Task input below:

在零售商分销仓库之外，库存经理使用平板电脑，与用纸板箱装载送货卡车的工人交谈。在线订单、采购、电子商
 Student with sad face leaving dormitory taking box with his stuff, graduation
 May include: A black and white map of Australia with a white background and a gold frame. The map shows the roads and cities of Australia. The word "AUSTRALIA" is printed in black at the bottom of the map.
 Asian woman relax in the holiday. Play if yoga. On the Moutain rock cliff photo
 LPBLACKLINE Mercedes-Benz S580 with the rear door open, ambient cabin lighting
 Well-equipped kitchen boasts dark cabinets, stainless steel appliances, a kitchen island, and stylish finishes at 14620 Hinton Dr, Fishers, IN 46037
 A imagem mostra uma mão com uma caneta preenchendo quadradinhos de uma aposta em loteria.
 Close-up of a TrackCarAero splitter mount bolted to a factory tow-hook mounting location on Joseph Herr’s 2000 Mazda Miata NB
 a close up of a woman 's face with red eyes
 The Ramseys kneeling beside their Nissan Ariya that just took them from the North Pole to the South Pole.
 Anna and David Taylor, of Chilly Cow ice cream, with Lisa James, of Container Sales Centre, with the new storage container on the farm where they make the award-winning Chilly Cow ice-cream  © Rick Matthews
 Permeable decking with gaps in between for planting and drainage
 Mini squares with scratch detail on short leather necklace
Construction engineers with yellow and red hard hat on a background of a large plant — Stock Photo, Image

End of Task input.

__Exercise details__
Please reproduce exactly the lines in the listing above from the one containing "Close-up of a" through the one containing "Mini squares with", both included, and nothing more.

__Exercise solution__
 Close-up of a TrackCarAero splitter mount bolted to a factory tow-hook mounting location on Joseph Herr’s 2000 Mazda Miata NB
 a close up of a woman 's face with red eyes
 The Ramseys kneeling beside their Nissan Ariya that just took them from the North Pole to the South Pole.
 Anna and David Taylor, of Chilly Cow ice cream, with Lisa James, of Container Sales Centre, with the new storage container on the farm where they make the award-winning Chilly Cow ice-cream  © Rick Matthews
 Permeable decking with gaps in between for planting and drainage
 Mini squares with scratch detail on short leather necklace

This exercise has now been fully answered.